## Task statement
Leave the pictures out, and repeat exactly every line from the one with "Hi, this is" through the end of the data below.

[Data shown Boundary: Start]

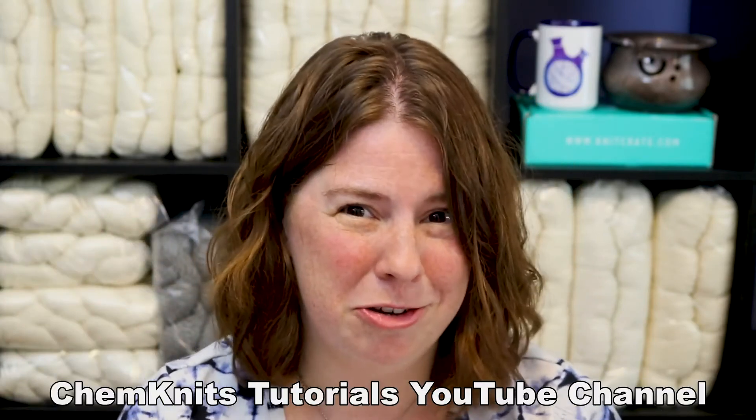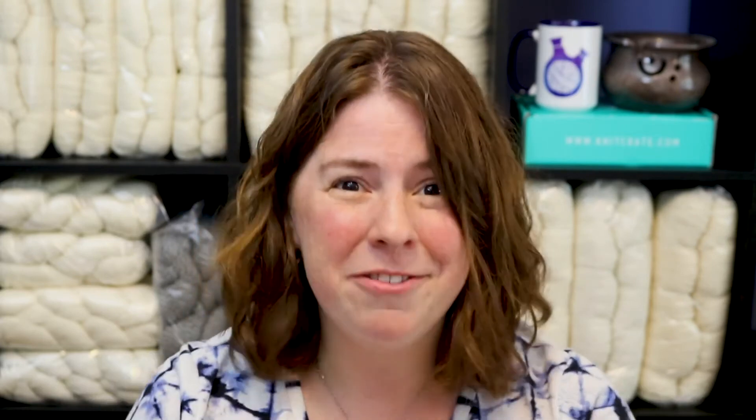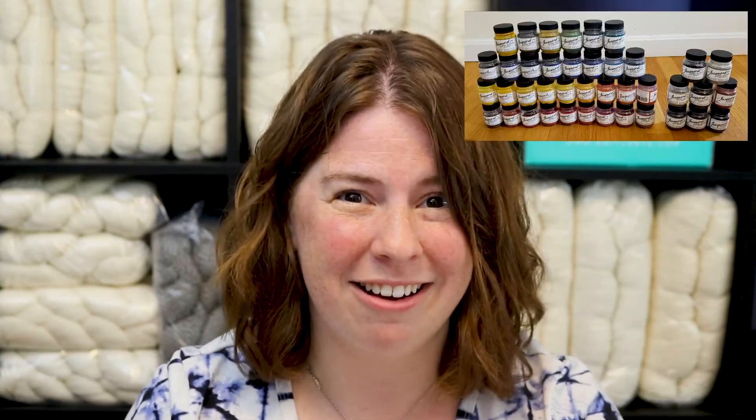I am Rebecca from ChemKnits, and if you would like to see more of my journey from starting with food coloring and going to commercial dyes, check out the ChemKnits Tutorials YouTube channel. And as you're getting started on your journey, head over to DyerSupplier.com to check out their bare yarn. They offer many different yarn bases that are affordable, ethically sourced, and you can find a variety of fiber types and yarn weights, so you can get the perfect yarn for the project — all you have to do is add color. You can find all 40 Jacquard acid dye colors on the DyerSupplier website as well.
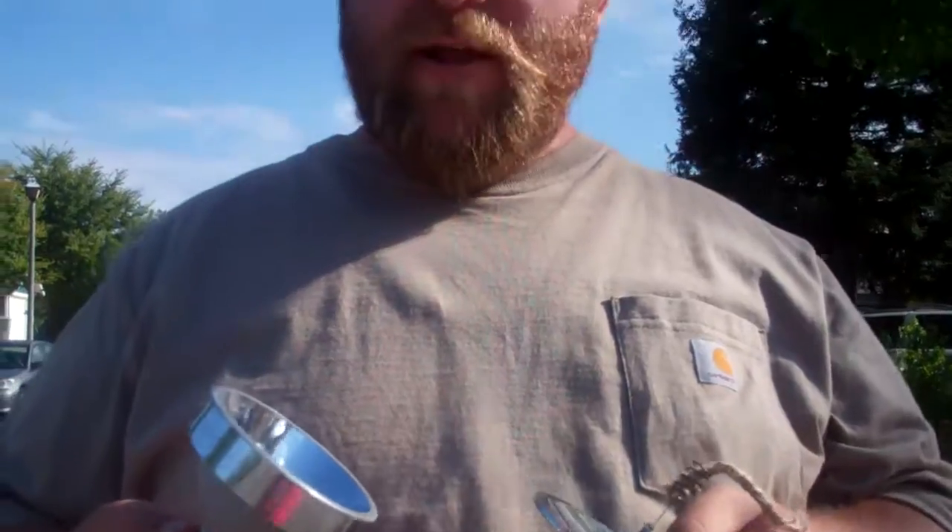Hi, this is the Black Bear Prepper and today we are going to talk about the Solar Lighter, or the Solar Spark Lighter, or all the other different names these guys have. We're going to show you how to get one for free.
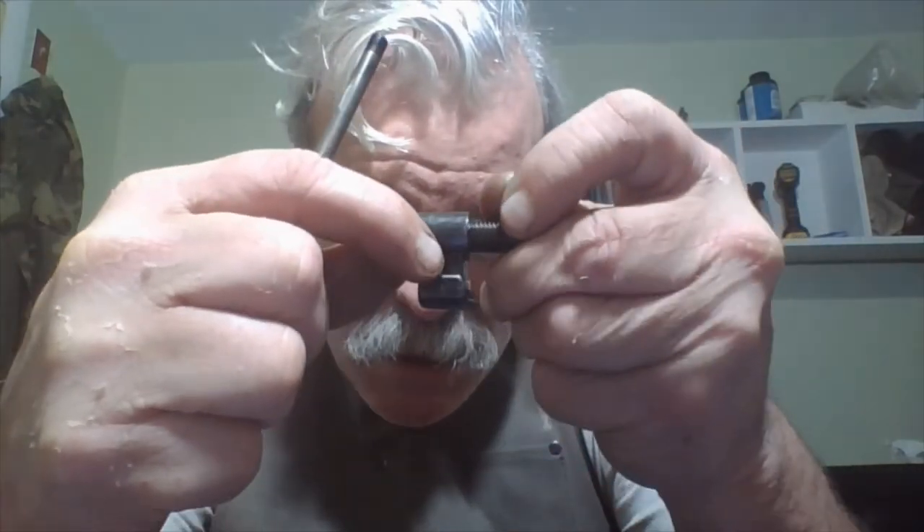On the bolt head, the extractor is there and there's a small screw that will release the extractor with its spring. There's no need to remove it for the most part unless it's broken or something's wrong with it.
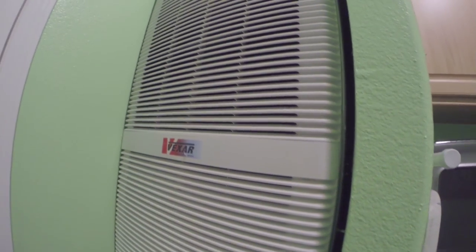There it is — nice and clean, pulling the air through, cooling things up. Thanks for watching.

[Data shown Boundary: End]

## Answer space
Hi, this is the Black Bear Prepper and today we are going to talk about the Solar Lighter, or the Solar Spark Lighter, or all the other different names these guys have. We're going to show you how to get one for free.
On the bolt head, the extractor is there and there's a small screw that will release the extractor with its spring. There's no need to remove it for the most part unless it's broken or something's wrong with it.
There it is — nice and clean, pulling the air through, cooling things up. Thanks for watching.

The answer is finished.